The two halves of Flims, Flims village and the ski resort of Flims-Waldhaus, are separated by the Stenna valley and have until now been connected only by the Stenna bridge. Our brief was to create a new, multi-functional centre for this exposed site, previously limited in terms of usage.
The use of robust, durable and authentic materials lends the Stenna Centre a mature, established feel, creating a bold statement for generations to come.
The Stenna Centre bridges the gap between these two districts, its architecture is characterised on one hand by boldness of its form, on the other by dimensional restraint. The development of the bridge creates a whole new space in Flims, with underground parking and the three new apartment buildings that reshape the site to create a spacious outdoor area – a sort of “arena” that flows seamlessly in and out of the surrounding natural environment.
A place to linger, not just pass through
Traffic flows through the site have been redirected, a new forecourt created and busses now stop in a covered waiting area. The three-storey development houses cafés, a restaurant and a hotel as well as shops and other services. The restaurant floor links directly to Flims’ ski slopes, the “Weiße Arena”.
Rather than taking a leading role centre stage, the building with its abstract form prefers a supporting role, melding into the lay of the surrounding land.
The size of the bridge building flows naturally from the topography of the site in a conscious effort at restraint. Horizontal “plates” bring to mind the tectonics of the surrounding mountains. Rather than creating contradictions, here transparency and bulk, abstraction and practicality complement one another with an unassailable logic.
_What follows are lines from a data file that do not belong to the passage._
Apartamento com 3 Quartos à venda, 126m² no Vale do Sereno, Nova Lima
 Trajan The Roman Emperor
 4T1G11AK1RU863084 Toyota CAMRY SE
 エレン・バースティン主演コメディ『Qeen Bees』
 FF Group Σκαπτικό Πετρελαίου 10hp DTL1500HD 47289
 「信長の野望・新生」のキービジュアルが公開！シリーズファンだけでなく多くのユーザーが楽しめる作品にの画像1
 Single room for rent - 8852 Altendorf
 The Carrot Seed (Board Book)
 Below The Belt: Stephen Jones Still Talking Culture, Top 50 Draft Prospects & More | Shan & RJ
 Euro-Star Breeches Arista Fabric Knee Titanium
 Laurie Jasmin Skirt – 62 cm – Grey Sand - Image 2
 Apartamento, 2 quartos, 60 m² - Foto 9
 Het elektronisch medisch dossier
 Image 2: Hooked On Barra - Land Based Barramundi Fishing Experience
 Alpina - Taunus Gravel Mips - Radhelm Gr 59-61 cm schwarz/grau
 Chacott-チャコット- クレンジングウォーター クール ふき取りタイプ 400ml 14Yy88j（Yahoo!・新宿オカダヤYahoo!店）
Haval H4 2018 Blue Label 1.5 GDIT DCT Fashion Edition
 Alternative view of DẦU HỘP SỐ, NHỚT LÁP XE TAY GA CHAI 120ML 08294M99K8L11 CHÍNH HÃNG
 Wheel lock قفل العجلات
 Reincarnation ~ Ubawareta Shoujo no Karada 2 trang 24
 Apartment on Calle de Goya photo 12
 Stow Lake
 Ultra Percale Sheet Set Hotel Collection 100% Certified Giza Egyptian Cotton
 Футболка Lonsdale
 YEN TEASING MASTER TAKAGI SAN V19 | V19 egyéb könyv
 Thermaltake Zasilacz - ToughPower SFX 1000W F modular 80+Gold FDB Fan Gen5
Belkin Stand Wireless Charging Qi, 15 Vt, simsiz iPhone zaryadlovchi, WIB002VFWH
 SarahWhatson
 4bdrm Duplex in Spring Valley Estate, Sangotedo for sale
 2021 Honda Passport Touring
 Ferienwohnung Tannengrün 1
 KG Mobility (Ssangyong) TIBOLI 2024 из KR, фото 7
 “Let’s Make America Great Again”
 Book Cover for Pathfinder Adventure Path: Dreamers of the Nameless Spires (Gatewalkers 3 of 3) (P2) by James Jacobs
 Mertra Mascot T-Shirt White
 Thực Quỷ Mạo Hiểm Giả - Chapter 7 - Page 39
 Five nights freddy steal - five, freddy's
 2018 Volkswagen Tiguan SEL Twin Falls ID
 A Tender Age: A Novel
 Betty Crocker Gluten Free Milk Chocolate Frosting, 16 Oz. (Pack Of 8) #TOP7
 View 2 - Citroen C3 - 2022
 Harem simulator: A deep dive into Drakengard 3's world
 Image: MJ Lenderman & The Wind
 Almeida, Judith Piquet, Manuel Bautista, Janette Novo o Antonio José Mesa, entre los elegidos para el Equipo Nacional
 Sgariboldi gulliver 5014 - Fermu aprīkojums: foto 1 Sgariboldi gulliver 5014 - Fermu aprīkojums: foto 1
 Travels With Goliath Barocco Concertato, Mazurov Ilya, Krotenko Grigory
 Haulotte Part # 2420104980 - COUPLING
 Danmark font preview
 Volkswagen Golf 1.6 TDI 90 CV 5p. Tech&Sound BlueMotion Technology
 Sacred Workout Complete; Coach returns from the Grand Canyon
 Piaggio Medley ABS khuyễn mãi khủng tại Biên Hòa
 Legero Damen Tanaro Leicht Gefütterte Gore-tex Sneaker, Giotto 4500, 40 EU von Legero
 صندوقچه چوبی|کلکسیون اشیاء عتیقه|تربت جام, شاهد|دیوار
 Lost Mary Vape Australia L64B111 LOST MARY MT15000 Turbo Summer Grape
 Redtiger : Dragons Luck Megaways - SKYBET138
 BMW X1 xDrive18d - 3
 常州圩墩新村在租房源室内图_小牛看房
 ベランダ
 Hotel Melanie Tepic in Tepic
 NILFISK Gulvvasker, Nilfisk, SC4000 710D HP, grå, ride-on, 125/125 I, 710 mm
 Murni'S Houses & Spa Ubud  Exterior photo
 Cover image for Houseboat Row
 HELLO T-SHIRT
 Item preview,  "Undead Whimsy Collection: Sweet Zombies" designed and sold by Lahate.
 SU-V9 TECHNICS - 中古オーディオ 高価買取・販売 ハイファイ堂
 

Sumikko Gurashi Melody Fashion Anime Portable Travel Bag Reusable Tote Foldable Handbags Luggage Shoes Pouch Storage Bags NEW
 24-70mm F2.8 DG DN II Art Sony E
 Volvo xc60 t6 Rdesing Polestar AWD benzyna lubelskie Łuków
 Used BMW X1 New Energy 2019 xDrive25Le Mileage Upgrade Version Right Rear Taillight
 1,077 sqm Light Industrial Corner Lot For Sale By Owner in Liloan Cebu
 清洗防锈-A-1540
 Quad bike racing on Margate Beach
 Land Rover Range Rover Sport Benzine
The massive load-bearing structure with its concrete point support grid offers maximum flexibility and a sustainable development capacity that will allow the building to respond quickly and economically to changes in use.
The message is in the materials
More than just a engineering achievement, the Stenna Centre sends out a message, particularly in its use of materials. Surface-treated concrete prevails, married with regional sands and gravels to create a visual effect similar to that of the local rock formations. The crystalline structure of the surrounding area matches the visual and textural quality of the “raw” architecture. The closure beneath the bridge forms a semi-transparent curtain, a metal grille that shrouds the underground parking levels.
The interior of the main building is dominated by its distinct spatial geometry. The public mall is shaped by the texture of its untreated steel, which gives it a unique character.